Debate sobre medidas provisórias contrapõe Gleisi e Jucá

Impasse sobre tramitação amaça 'acordo de cavalheiros' e recoloca em lados opostos ministra da Casa Civil e líder do governo

Fred Raposo, iG Brasília |

Um desentendimento entre a ministra Gleisi Hoffmann (Casa Civil) e o líder do governo no Senado, Romero Jucá (PMDB-RR), deve trazer à tona esta semana o primeiro constrangimento para a nova composição da articulação política do Executivo no Congresso. O motivo é o impasse sobre um “acordo de cavalheiros”, firmado há oito anos entre os líderes partidários, que trata da tramitação de Medidas Provisórias (MPs) na Casa.

Uma semana antes de assumir a chefia da Casa Civil, a então senadora Gleisi criticou publicamente o líder governista, após sessão tumultuada no plenário que resultou na derrubada de duas MPs . Na ocasião, ela classificou de “condução errada” a decisão de Jucá de manter acordo com a oposição que estabelece um prazo mínimo de tempo para o plenário avaliar as MPs.

O tema volta à baila esta terça-feira, quando à meia-noite caduca a MP 525, que permite a contratação de professores substitutos por universidades. Pelo acordo, no entanto, a sessão de hoje seria apenas a primeira de três pela qual a MP teria que passar antes de ir à votação.

Assim como Gleisi, senadores petistas da atual legislatura defendem o fim do entendimento – costurado de maneira informal no início do primeiro mandato do ex-presidente Luiz Inácio Lula da Silva. Eles defendem que o governo exerça a força da maioria para garantir a aprovação das MPs, cujos conteúdos são considerados prioritários pelo governo.

“É uma das coisas que quero fazer, colocar o acordo em rediscussão”, afirma ao iG o líder do PT, senador Humberto Costa (PE). “Não somos obrigados a cumprir um acordo feito em outro momento, em que a correlação de forças era diferente. Não podemos ficar subordinados a ele. A configuração do Senado mudou, é outro desenho”.

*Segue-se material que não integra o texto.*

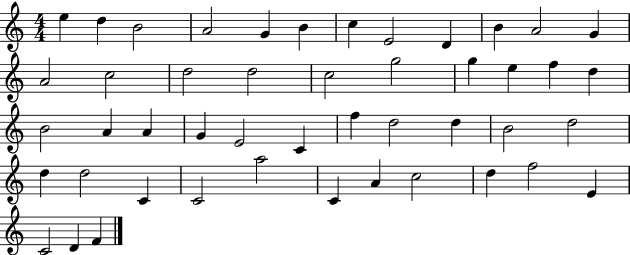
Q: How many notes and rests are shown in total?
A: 47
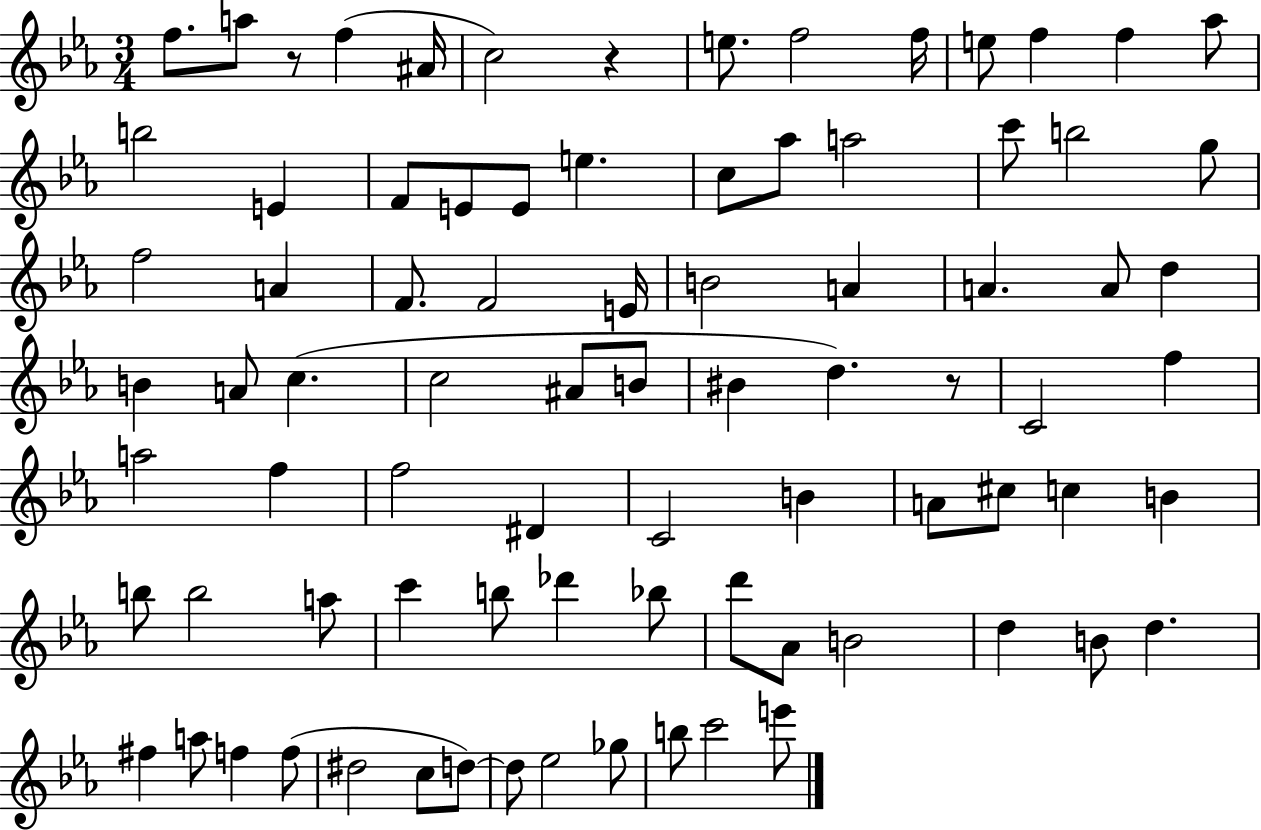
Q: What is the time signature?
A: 3/4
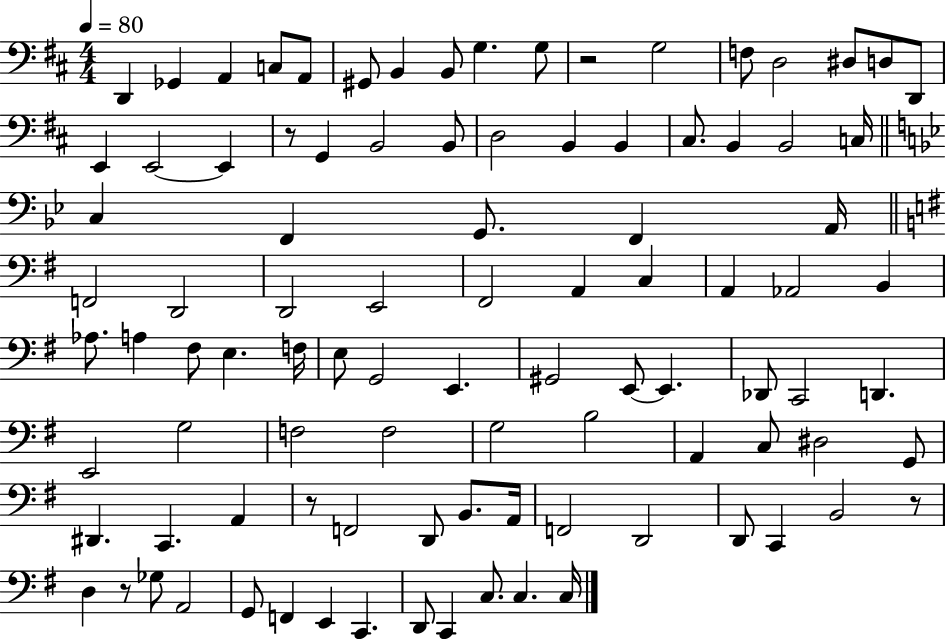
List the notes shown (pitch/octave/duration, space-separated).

D2/q Gb2/q A2/q C3/e A2/e G#2/e B2/q B2/e G3/q. G3/e R/h G3/h F3/e D3/h D#3/e D3/e D2/e E2/q E2/h E2/q R/e G2/q B2/h B2/e D3/h B2/q B2/q C#3/e. B2/q B2/h C3/s C3/q F2/q G2/e. F2/q A2/s F2/h D2/h D2/h E2/h F#2/h A2/q C3/q A2/q Ab2/h B2/q Ab3/e. A3/q F#3/e E3/q. F3/s E3/e G2/h E2/q. G#2/h E2/e E2/q. Db2/e C2/h D2/q. E2/h G3/h F3/h F3/h G3/h B3/h A2/q C3/e D#3/h G2/e D#2/q. C2/q. A2/q R/e F2/h D2/e B2/e. A2/s F2/h D2/h D2/e C2/q B2/h R/e D3/q R/e Gb3/e A2/h G2/e F2/q E2/q C2/q. D2/e C2/q C3/e. C3/q. C3/s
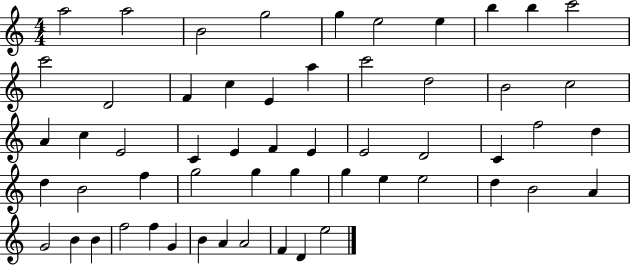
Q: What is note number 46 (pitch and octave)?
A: B4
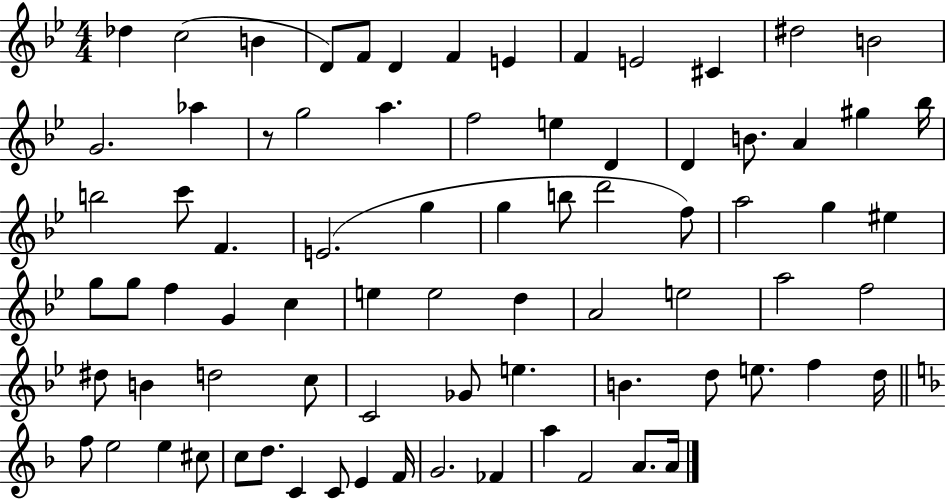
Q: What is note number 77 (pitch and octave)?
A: A4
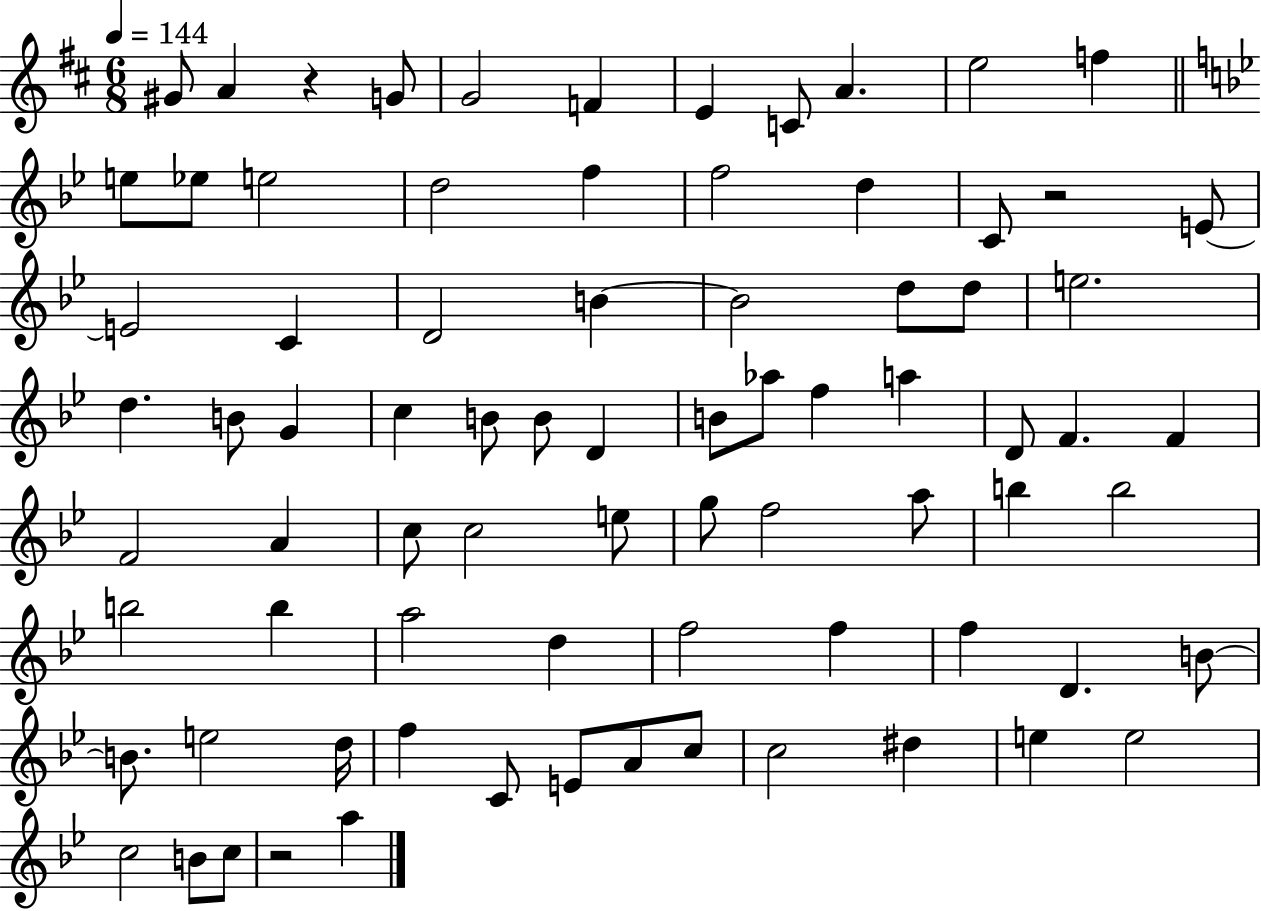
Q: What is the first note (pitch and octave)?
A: G#4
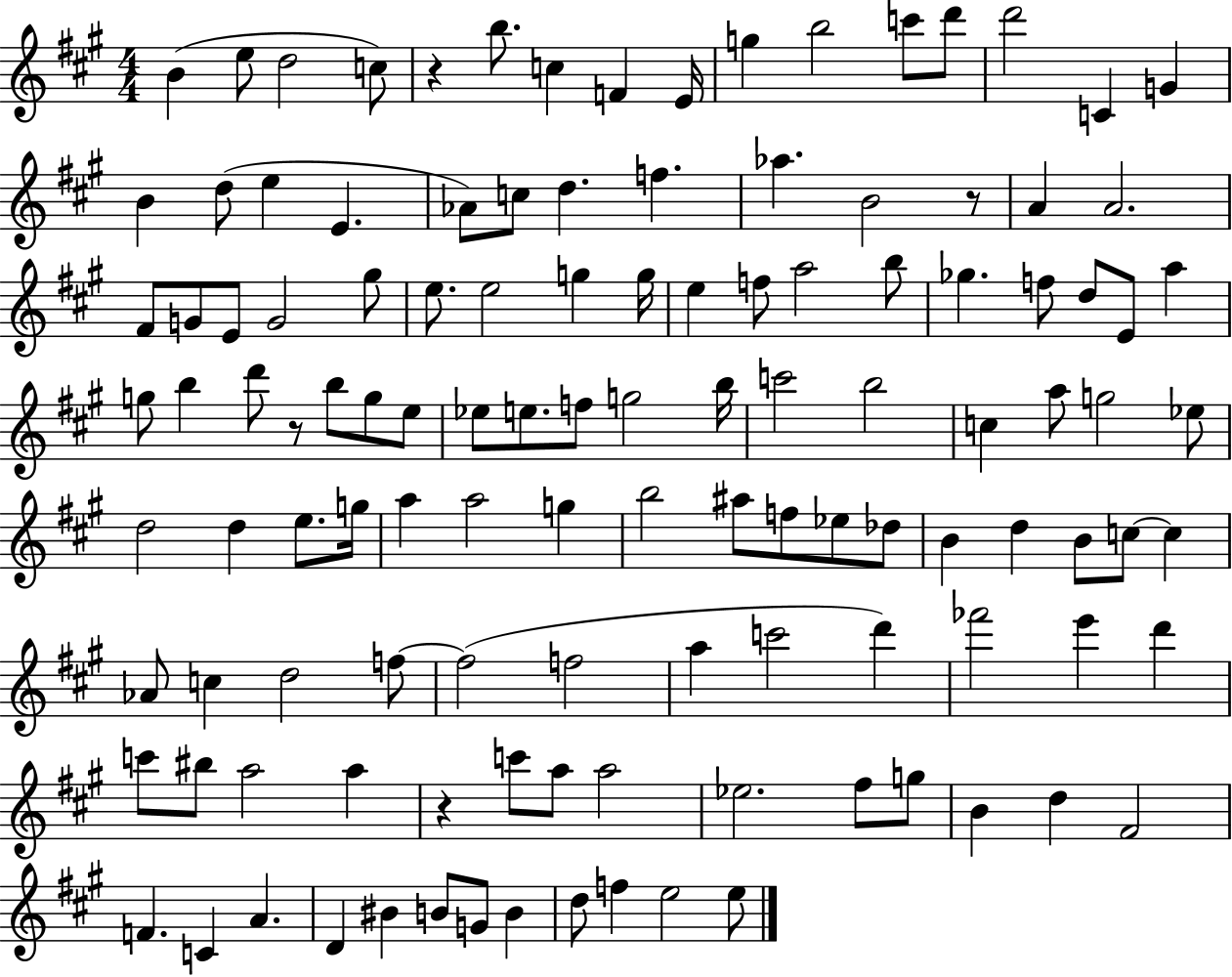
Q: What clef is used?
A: treble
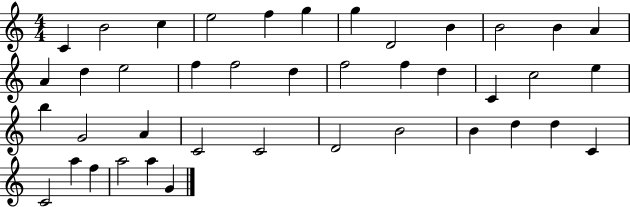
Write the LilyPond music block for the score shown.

{
  \clef treble
  \numericTimeSignature
  \time 4/4
  \key c \major
  c'4 b'2 c''4 | e''2 f''4 g''4 | g''4 d'2 b'4 | b'2 b'4 a'4 | \break a'4 d''4 e''2 | f''4 f''2 d''4 | f''2 f''4 d''4 | c'4 c''2 e''4 | \break b''4 g'2 a'4 | c'2 c'2 | d'2 b'2 | b'4 d''4 d''4 c'4 | \break c'2 a''4 f''4 | a''2 a''4 g'4 | \bar "|."
}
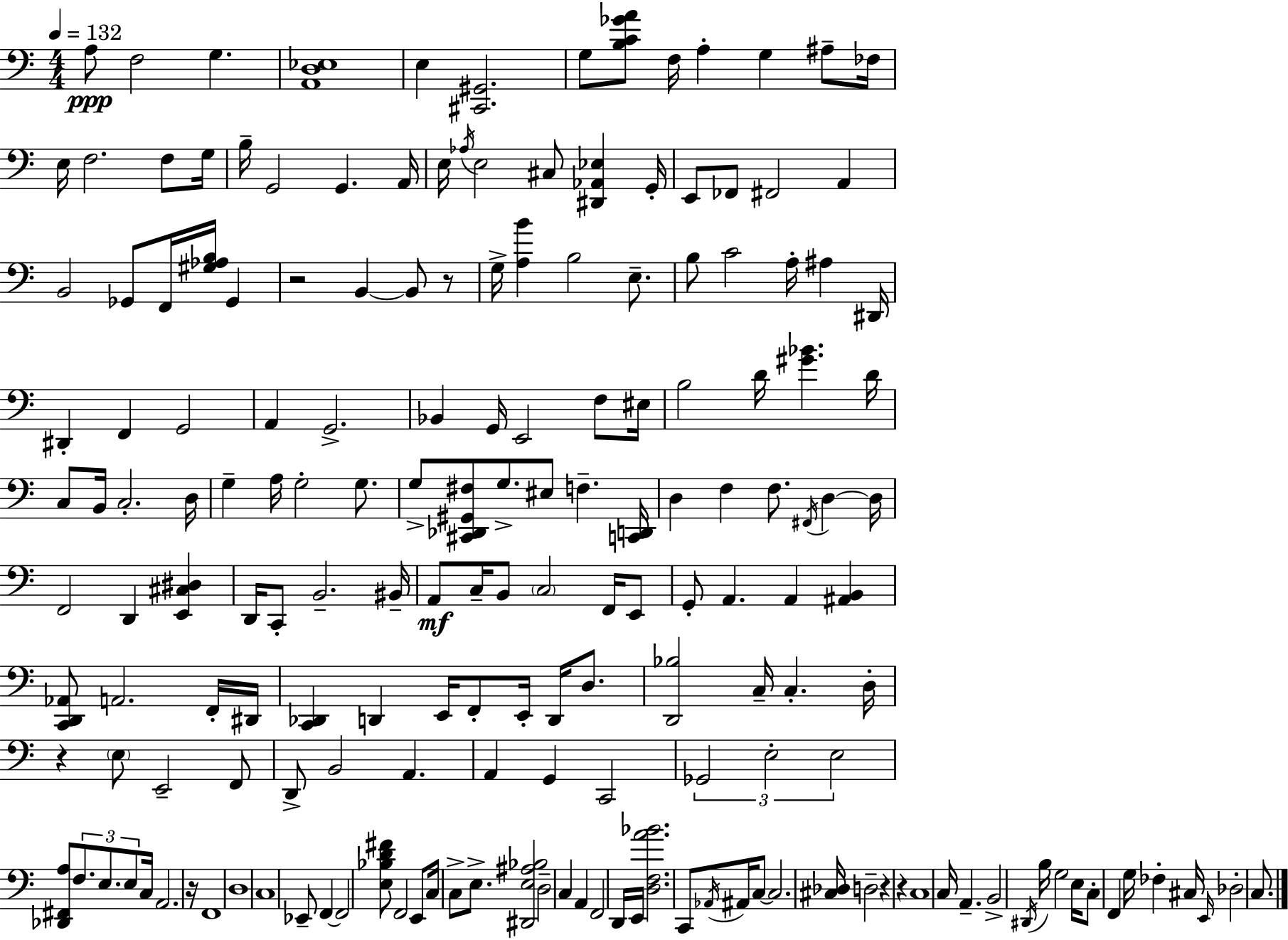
X:1
T:Untitled
M:4/4
L:1/4
K:Am
A,/2 F,2 G, [A,,D,_E,]4 E, [^C,,^G,,]2 G,/2 [B,C_GA]/2 F,/4 A, G, ^A,/2 _F,/4 E,/4 F,2 F,/2 G,/4 B,/4 G,,2 G,, A,,/4 E,/4 _A,/4 E,2 ^C,/2 [^D,,_A,,_E,] G,,/4 E,,/2 _F,,/2 ^F,,2 A,, B,,2 _G,,/2 F,,/4 [^G,_A,B,]/4 _G,, z2 B,, B,,/2 z/2 G,/4 [A,B] B,2 E,/2 B,/2 C2 A,/4 ^A, ^D,,/4 ^D,, F,, G,,2 A,, G,,2 _B,, G,,/4 E,,2 F,/2 ^E,/4 B,2 D/4 [^G_B] D/4 C,/2 B,,/4 C,2 D,/4 G, A,/4 G,2 G,/2 G,/2 [^C,,_D,,^G,,^F,]/2 G,/2 ^E,/2 F, [C,,D,,]/4 D, F, F,/2 ^F,,/4 D, D,/4 F,,2 D,, [E,,^C,^D,] D,,/4 C,,/2 B,,2 ^B,,/4 A,,/2 C,/4 B,,/2 C,2 F,,/4 E,,/2 G,,/2 A,, A,, [^A,,B,,] [C,,D,,_A,,]/2 A,,2 F,,/4 ^D,,/4 [C,,_D,,] D,, E,,/4 F,,/2 E,,/4 D,,/4 D,/2 [D,,_B,]2 C,/4 C, D,/4 z E,/2 E,,2 F,,/2 D,,/2 B,,2 A,, A,, G,, C,,2 _G,,2 E,2 E,2 [_D,,^F,,A,]/2 F,/2 E,/2 E,/2 C,/4 A,,2 z/4 F,,4 D,4 C,4 _E,,/2 F,, F,,2 [E,_B,D^F]/2 F,,2 E,,/2 C,/4 C,/2 E,/2 [^D,,E,^A,_B,]2 D,2 C, A,, F,,2 D,,/4 E,,/4 [D,F,A_B]2 C,,/2 _A,,/4 ^A,,/4 C,/2 C,2 [^C,_D,]/4 D,2 z z C,4 C,/4 A,, B,,2 ^D,,/4 B,/4 G,2 E,/4 C,/2 F,, G,/4 _F, ^C,/4 E,,/4 _D,2 C,/2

Ironicamente, o acordo mantido por Jucá, que não tem previsão no Regimento Interno da Casa, foi acertado em abril de 2003 por um petista, o ministro Aloizio Mercadante (Ciência e Tecnologia), que na época era líder do governo no Senado.

Na época, a avaliação era que, sem a confortável maioria que o governo goza hoje no plenário, o Planalto dependia da oposição para aprovar as MPs. O acordo era também uma forma de aumentar o prazo de discussão das medidas provisórias, que costumavam chegar da Câmara dos Deputados faltando poucos dias para expirar.

Mérito

A MP 525 é a primeira editada pela presidenta Dilma Rousseff que chega ao Senado – as anteriores foram editadas no governo Lula ou deixaram de ser apreciadas pela Câmara dos Deputados. Procurado, Jucá não retornou as ligações até o fechamento da reportagem. Para Humberto Costa, o mérito da MP 525 "não deve sofrer questionamento". “O que deve gerar polêmica é o fato de que ela chega aqui no dia em que expira sua validade”, assinala.

Segundo o líder do PSDB, senador Alvaro Dias (PR), o posicionamento da bancada em relação à MP 525 será definido em reunião, na tarde de hoje. Porém, o tucano diz que defende a manutenção do acordo. “O mínimo que se possa exigir é tempo para o parlamentar olhar o projeto”, argumenta o tucano. “Essas medidas que derrubamos há duas semanas foram editadas pelo Lula. Não são três dias de tramitação, são meses. O que o governo quer é uma aprovação no escuro, que ninguém saiba o que se está aprovando”.